What you will do:
Exclude the images and transcribe the entries below precisely.

Records to process:
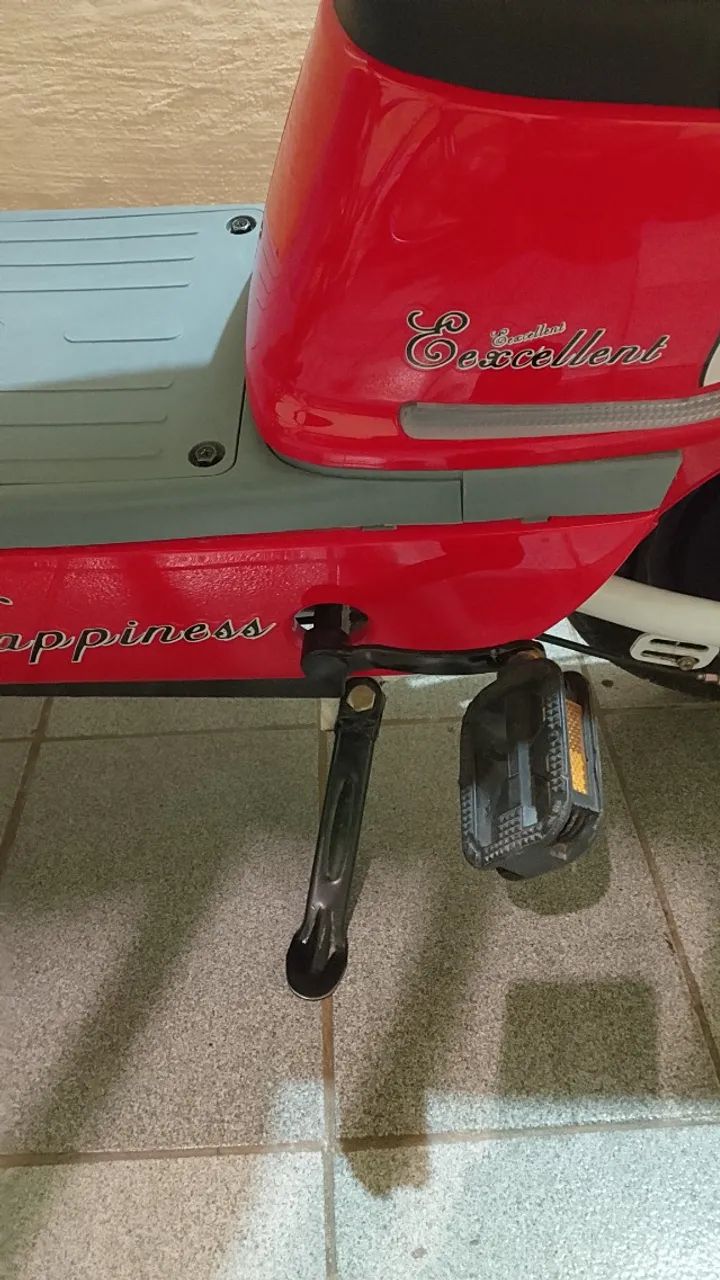 Bicicleta eletrônica jpx 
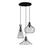 Opviq Luster Mezopotamya-N-1300, 55 cm, 3xE27
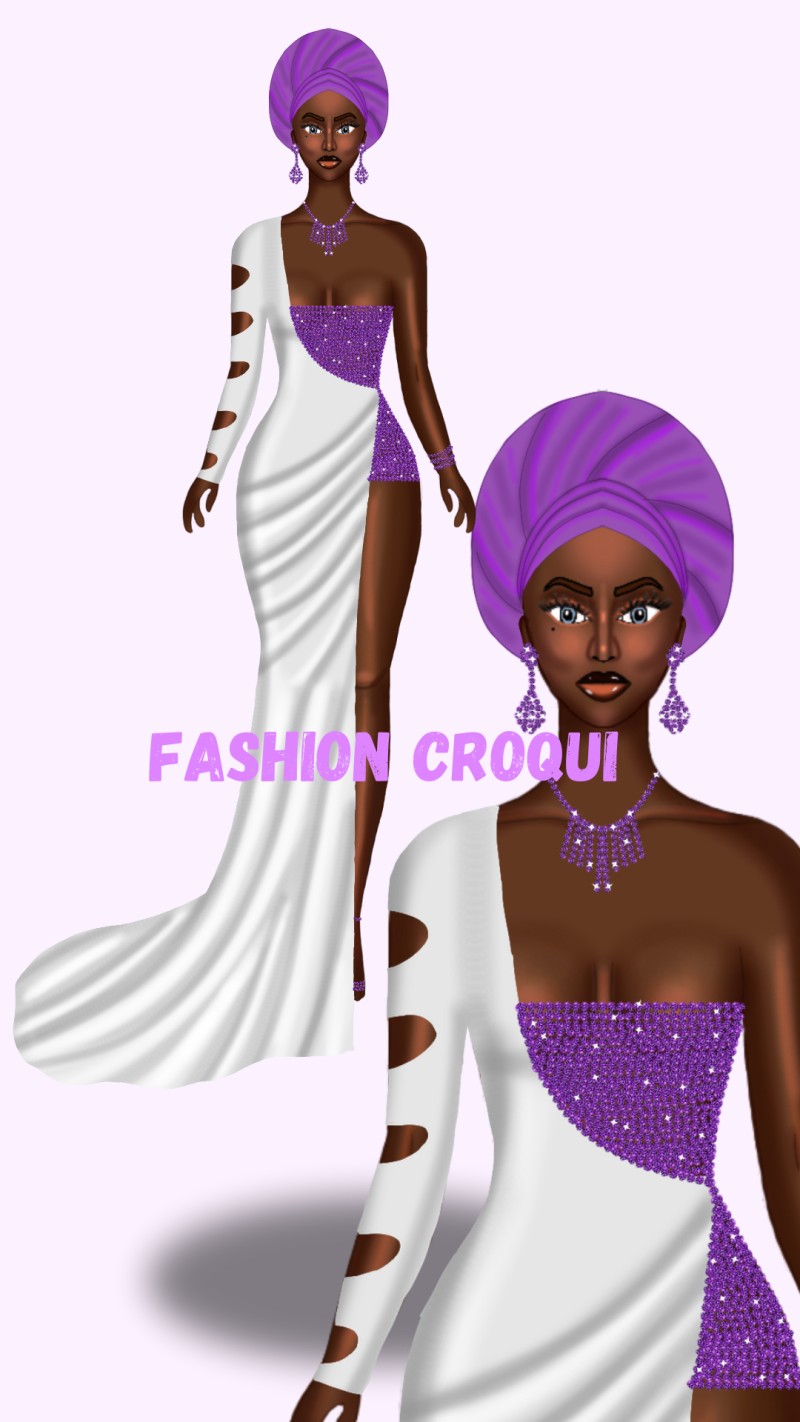 Fashion croqui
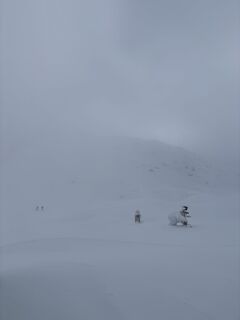 Photo de Heinz Sperl le long du parcours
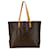 Louis Vuitton Brown Monogram Cabas Alto Castaño Cuero Lienzo  ref.1349981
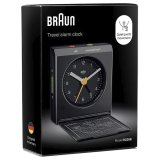Braun BC 05 B  Quartz Foldable Alarm Clock Black #9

Answer space:
 Bicicleta eletrônica jpx 
 Opviq Luster Mezopotamya-N-1300, 55 cm, 3xE27
 Fashion croqui
 Photo de Heinz Sperl le long du parcours
 Louis Vuitton Brown Monogram Cabas Alto Castaño Cuero Lienzo  ref.1349981
Braun BC 05 B  Quartz Foldable Alarm Clock Black #9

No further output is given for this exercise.